I read web fiction a lot and sometimes I notice sentences that, while being written in past perfect tense, might have been written in past simple tense as well.

For example:

He’d broken his glasses once, years ago. He’d done it in a childish tantrum, and it had taken days before he could get new ones. Back in the ugly days.

That hadn’t been the day the tantrums stopped, but it had been a lesson that had stayed with him. Rare, when he had so many terrible teachers.

What's interesting, the last sentence is past simple while everything else is past perfect, despite they seem to be talking about the same period of time.

My understanding of past perfect is that, when we talk about some event that took place at some time in the past (oftentimes expressed via past simple) and then we want to talk about yet another event that happened prior to the first (most recent) one, we use past perfect, like:

I couldn't open the door [the most recent event] since I'd left my keys [the most distant event] at my friend's place.

So, past perfect implies the existence of the most recent point, explicitly expressed or implied by context, but it doesn't seem like this type of timestamp was given to begin with. The sample talks about a chain of events happened some time back in the past, there's simply no "the most recent event".

It's not the first time I encounter this usage of past perfect in fiction. Is this kind of usage common and what does it mean?

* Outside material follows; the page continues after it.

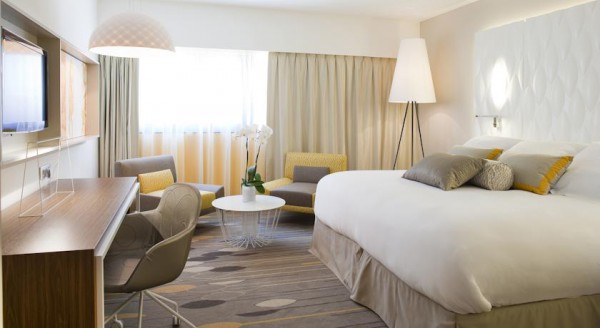 Сборная Украины будет жить в отеле с садом во время Евро-2016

I can't help but wonder: what is the subtle difference between them?


Solution 1:

In narrative, the past perfect is commonly used to describe events/experiences, etc., that have ceased in the past. The past perfect is thus used to set the background/context to the main event(s) that the narrator will experience or relate. That latter experience or event will then be told in the simple past:

e.g. "He had washed and [he had] eaten and [he] had been ready to go out. However, there was a sudden knock at the door."

The first sentence has set the background/context. The second sentence brings us to the "present" in the story.

Essentially, stories are told in reported speech and the verbs backshifted. Thus the example above, in "real time" is

"He washed and [he] ate and [he] was ready to go out. However, there is a sudden knock at the door."

because, the reader experiences the real time of the story/narration at the time of the knock on the door.

We can even see this in the future:

"He washes and [he] eats and [he] is ready to go out. However, there will be a sudden knock at the door."